Short web captions:

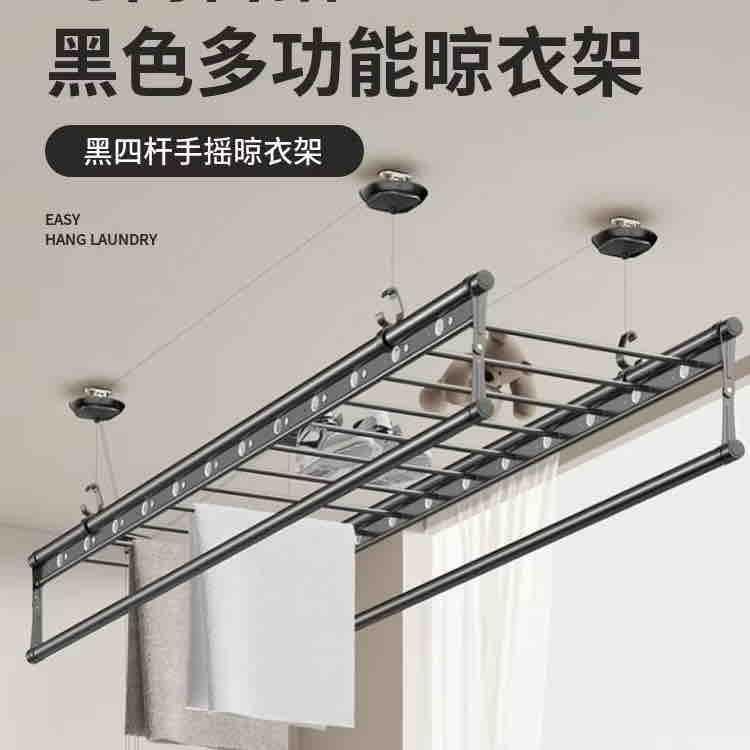 水電行案件圖片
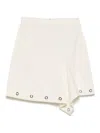 3.1 Phillip Lim Dekonstruierter Rock In Nude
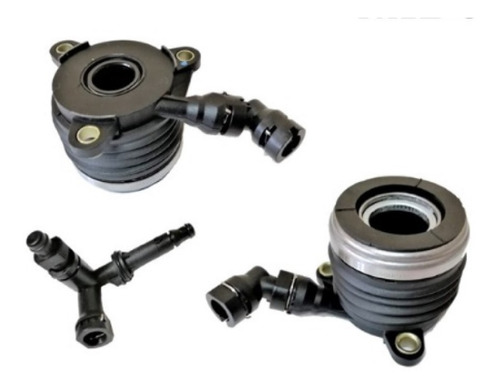 COLLARIN CLUTCH CV CAVALIER 1.5 18-    510032110
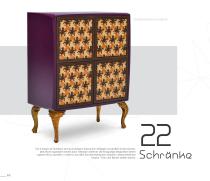 Mikodam_Furniture_Catalog_GER - 61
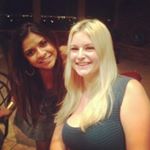 Profile Picture of Maria Sanders (@masanders297) on Instagram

TASK TO CARRY OUT:
Reproduce every entry exactly, but omit each picture.

ANSWER:
 水電行案件圖片
 3.1 Phillip Lim Dekonstruierter Rock In Nude
 COLLARIN CLUTCH CV CAVALIER 1.5 18-    510032110
 Mikodam_Furniture_Catalog_GER - 61
 Profile Picture of Maria Sanders (@masanders297) on Instagram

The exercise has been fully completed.